ABOUT THIS EXERCISE: Restate word for word the part of the material that runs from the line containing "Volkswagen Audi Audi" through its final line, inclusive, minus the pictures.

GIVEN INFORMATION:
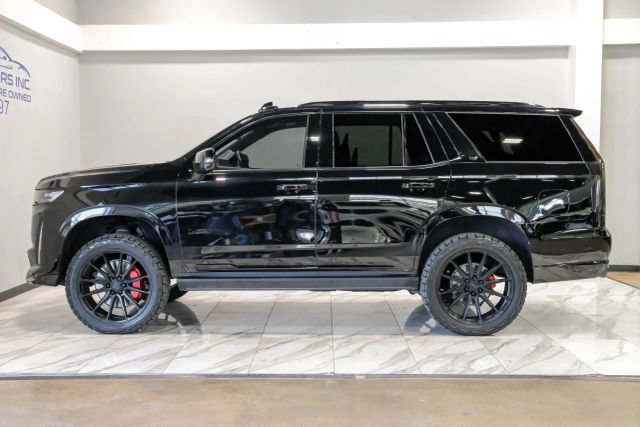 Used 2023 Cadillac Escalade V AWD/4WD image 17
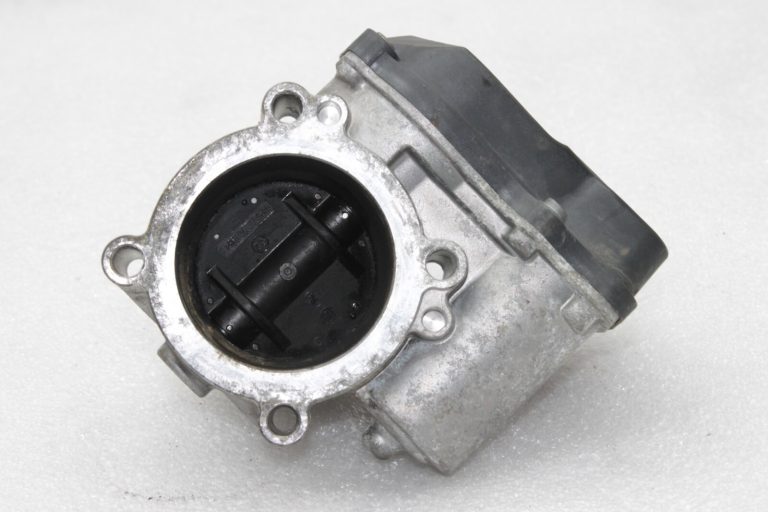Volkswagen Audi Audi Seat Skoda Skoda Droseļvārsts 1.4 TSI TFSI 03C133062C, 03C133062T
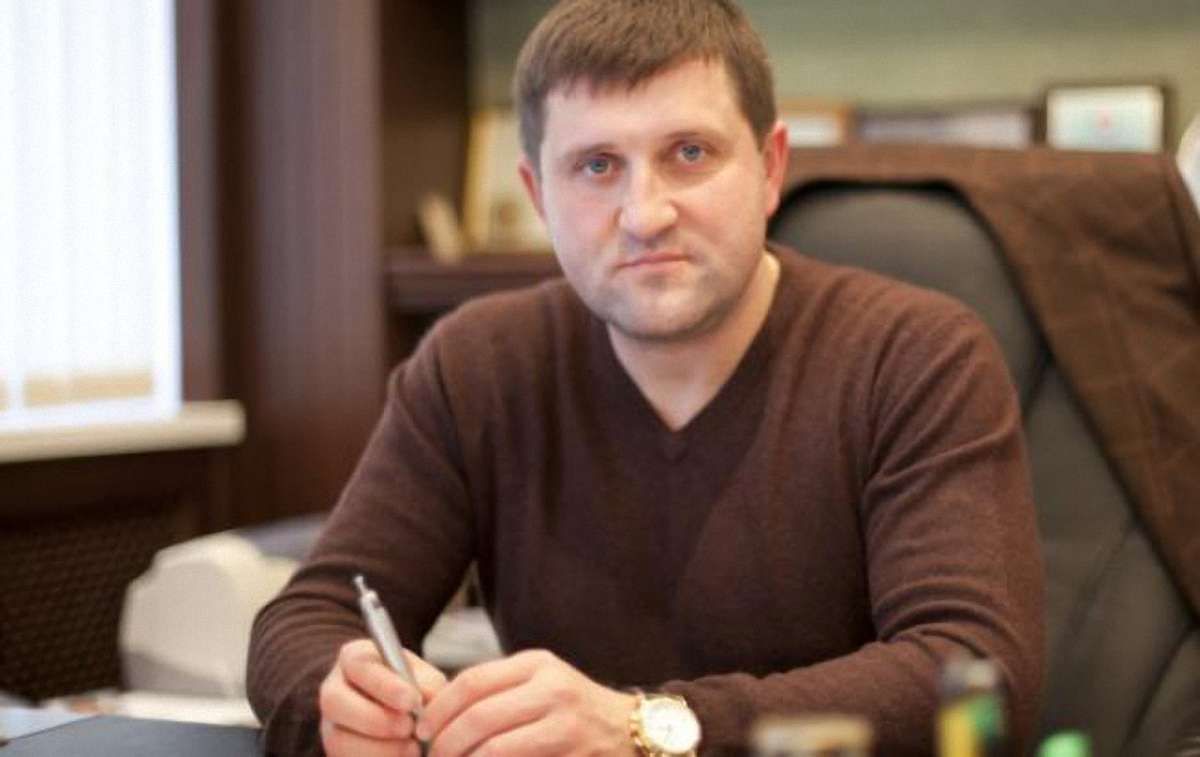 Екс-голова Лазорко зобов'язав «Укртранснафту» транспортувати тільки нафту Коломойського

TASK OUTPUT:
Volkswagen Audi Audi Seat Skoda Skoda Droseļvārsts 1.4 TSI TFSI 03C133062C, 03C133062T
 Екс-голова Лазорко зобов'язав «Укртранснафту» транспортувати тільки нафту Коломойського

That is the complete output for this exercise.